Il s’agit du cas « Lydie », secrétaire en MECS (Maison d’Enfants à Caractère Social).
Le récit respecte l’anonymat. Ainsi construit, il permet de proposer une analyse diagnostique fondée. Le diagnostic ouvre des préconisations adaptées, à la place occupée par chacun des protagonistes. Dans une vision systémique, un positionnement autre – ne serait-ce que d’un seul acteur – génère une évolution de la situation problématique.
Lydie, par ses dysfonctionnements, renvoie chacun des acteurs qui l’entourent à ses propres stratégies, ou manquements. Dans un système relationnel, chacun « joue » sa partition propre ; et le scénario se répète.
J’ai choisi de présenter, à titre d’exemple, un cas détaillé avec détour sur les éléments théoriques fondant l’analyse. Récit, analyse et préconisations suivent une méthodologie identique pour une situation de la vie privée ; même si moins de détails suffisent à mener le travail à bien.
Je propose de vous guider pour la construction d’un récit – écrit en une page A4 ou son équivalent en audio – qui permette une analyse diagnostique fondée, ouvrant à une évolution de la situation.
LE CAS LYDIE
Nous sommes dans une Maison d’Enfants à Caractère Social (MECS) qui accueille des jeunes de six à seize ans, placés après un signalement, une enquête sociale et une décision du juge. Une trentaine de professionnels accompagne dans le quotidien une quarantaine d’enfants.
Outre le directeur, son adjoint et deux chefs de services, le secrétariat comprend quatre personnes, trois titulaires et une suppléante.

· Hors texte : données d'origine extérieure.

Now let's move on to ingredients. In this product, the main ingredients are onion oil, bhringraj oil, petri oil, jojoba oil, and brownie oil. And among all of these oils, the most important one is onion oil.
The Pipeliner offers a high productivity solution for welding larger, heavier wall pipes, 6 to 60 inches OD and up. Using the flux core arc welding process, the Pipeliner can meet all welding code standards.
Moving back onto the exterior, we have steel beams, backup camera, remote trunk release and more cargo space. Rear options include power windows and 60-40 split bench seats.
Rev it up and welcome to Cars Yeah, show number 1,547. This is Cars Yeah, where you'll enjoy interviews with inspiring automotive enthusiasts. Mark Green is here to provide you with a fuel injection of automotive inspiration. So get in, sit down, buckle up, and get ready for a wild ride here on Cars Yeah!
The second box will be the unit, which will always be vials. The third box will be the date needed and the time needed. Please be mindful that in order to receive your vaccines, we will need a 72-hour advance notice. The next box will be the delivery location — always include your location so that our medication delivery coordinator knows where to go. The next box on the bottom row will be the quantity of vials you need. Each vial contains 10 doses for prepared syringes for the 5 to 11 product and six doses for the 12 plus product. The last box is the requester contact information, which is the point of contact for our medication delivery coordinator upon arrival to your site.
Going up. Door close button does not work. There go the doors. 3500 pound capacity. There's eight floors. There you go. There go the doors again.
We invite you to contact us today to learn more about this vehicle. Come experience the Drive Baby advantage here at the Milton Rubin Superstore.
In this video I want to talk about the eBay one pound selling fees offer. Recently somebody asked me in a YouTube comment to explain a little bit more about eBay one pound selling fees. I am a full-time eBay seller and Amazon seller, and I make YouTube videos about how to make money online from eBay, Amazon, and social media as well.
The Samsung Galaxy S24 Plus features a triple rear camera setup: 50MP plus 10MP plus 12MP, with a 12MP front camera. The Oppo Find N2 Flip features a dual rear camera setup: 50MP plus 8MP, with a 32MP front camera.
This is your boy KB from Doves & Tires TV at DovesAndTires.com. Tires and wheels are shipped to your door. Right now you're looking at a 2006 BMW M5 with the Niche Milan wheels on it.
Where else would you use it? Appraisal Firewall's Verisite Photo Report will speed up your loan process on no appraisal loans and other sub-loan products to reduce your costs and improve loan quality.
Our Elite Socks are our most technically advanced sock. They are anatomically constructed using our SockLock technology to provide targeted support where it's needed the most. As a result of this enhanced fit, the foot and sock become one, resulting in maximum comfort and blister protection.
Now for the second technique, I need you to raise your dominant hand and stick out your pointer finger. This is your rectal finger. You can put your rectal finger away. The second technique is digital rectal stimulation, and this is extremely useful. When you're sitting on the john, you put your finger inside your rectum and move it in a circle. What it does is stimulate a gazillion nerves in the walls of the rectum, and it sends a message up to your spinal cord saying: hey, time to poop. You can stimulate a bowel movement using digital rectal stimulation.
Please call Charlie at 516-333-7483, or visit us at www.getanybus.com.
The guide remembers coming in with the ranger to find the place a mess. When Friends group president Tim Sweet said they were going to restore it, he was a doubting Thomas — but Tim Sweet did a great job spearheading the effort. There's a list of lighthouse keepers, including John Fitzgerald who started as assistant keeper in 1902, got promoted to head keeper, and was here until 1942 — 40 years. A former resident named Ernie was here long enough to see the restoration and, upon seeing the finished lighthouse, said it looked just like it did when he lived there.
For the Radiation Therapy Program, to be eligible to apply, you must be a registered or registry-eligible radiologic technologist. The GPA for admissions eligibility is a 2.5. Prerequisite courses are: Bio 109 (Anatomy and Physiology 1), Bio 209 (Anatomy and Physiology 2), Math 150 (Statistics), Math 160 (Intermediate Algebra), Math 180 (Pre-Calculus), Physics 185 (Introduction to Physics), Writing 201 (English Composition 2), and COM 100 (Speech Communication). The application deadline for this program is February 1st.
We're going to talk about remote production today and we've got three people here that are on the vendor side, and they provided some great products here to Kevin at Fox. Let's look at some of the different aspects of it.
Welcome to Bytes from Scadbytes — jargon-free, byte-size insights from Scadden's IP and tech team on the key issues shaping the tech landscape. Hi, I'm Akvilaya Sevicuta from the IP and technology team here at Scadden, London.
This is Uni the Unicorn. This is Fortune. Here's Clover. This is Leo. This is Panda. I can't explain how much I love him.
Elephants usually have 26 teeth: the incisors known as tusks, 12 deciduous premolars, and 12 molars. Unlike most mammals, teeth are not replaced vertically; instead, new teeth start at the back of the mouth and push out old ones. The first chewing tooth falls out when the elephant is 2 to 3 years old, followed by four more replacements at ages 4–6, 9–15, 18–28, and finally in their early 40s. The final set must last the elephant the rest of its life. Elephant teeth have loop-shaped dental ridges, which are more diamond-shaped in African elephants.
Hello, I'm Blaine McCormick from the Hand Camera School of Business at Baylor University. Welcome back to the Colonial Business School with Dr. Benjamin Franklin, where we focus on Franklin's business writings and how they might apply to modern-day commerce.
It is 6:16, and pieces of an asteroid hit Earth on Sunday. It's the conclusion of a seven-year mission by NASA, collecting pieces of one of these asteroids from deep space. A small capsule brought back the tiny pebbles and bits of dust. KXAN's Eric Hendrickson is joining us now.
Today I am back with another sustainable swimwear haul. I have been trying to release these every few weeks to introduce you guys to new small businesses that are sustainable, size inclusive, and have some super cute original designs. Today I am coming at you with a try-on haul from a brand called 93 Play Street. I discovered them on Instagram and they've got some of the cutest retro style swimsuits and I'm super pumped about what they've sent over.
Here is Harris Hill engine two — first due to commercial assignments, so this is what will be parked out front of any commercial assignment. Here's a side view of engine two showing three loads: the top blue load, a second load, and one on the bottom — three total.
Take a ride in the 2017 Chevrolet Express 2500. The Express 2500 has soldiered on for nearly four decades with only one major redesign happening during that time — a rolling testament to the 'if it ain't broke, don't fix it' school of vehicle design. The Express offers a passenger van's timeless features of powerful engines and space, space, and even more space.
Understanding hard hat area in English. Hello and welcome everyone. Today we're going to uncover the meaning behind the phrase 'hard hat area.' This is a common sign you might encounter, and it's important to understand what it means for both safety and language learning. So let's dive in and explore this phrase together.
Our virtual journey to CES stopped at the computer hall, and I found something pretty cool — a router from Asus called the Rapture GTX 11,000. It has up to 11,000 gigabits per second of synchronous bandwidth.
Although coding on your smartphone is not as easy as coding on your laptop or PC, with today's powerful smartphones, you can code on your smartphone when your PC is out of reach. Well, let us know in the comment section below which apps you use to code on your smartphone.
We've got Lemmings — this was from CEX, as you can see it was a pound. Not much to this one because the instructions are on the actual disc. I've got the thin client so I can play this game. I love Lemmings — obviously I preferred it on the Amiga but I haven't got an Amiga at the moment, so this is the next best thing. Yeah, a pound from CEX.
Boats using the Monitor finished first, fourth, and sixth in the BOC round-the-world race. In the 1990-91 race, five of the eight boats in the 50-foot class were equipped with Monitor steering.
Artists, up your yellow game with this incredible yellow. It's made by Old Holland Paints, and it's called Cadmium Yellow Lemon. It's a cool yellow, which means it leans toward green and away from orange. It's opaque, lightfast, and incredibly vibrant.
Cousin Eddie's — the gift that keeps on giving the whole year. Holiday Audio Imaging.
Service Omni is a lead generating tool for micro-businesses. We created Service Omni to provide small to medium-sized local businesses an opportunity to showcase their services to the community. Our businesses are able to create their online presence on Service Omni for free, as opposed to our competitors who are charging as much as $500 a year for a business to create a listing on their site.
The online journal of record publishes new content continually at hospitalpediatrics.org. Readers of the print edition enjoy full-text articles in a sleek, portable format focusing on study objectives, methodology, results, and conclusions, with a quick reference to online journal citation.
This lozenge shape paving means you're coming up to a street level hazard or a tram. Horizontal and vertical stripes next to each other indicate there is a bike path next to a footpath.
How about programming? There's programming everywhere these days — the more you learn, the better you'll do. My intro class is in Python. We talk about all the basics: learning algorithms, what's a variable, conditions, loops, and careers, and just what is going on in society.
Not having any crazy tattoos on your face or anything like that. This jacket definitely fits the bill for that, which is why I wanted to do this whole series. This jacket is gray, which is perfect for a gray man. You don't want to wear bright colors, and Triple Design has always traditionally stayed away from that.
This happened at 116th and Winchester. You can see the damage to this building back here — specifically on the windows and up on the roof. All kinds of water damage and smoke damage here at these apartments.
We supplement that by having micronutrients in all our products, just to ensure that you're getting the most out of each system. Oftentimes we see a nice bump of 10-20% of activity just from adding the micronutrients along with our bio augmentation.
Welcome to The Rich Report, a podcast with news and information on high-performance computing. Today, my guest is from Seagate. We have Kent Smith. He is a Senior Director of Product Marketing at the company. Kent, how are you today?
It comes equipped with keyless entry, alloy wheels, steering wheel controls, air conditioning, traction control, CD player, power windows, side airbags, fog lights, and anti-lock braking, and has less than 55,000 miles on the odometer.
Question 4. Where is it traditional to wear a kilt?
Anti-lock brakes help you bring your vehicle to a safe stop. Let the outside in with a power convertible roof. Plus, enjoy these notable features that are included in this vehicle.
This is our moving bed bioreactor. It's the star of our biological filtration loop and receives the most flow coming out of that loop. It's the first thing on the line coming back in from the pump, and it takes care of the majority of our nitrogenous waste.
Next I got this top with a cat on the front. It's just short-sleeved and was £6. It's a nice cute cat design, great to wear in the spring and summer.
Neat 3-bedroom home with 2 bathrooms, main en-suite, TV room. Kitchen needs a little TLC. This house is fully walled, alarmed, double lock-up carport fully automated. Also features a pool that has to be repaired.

Lydie, 48 ans, se trouve être la plus ancienne depuis le départ de sa collègue, Catherine, à la retraite. Catherine avait un certain ascendant sur Lydie, qu’elle avait formée il y a une vingtaine d’années. Lydie lui devait beaucoup. Sophie, une autre titulaire, semble mener sa barque de son côté ; elle est très en lien avec le directeur adjoint et gère le plus souvent les choses en direct avec lui ; est-ce une façon d’éviter le contrôle de Lydie ? Récemment embauchée, Alexia a pris le poste de Catherine. Peu sûre d’elle, Alexia est sous la coupe – et les excès de zèle de Lydie – qui ne la lâche pas de la journée, lui ordonnant ceci ou cela et lui dictant la façon de faire en la surveillant sans relâche. Il est vrai que Lydie travaille avec rapidité, qu’elle a une bonne connaissance des questions administratives et qu’elle ne compte pas ses heures ; ces derniers temps particulièrement, elle arrive volontiers avant tout le monde et quitte son poste au-delà de ses horaires. Les chefs de services s’appuient beaucoup sur elle. Le départ de Catherine semble avoir généré, de fait, une réorganisation interne dans la répartition des missions entre les secrétaires.
Depuis le départ de Catherine, Lydie occupe de plus en plus d’espace ; son omniprésence lui donne accès à des informations qu’elle est seule à posséder. Elle trouve que les éducateurs ne sont pas toujours réactifs, qu’ils diffèrent volontiers des réponses et laissent aller des choses qui pourraient être prises en mains plus efficacement.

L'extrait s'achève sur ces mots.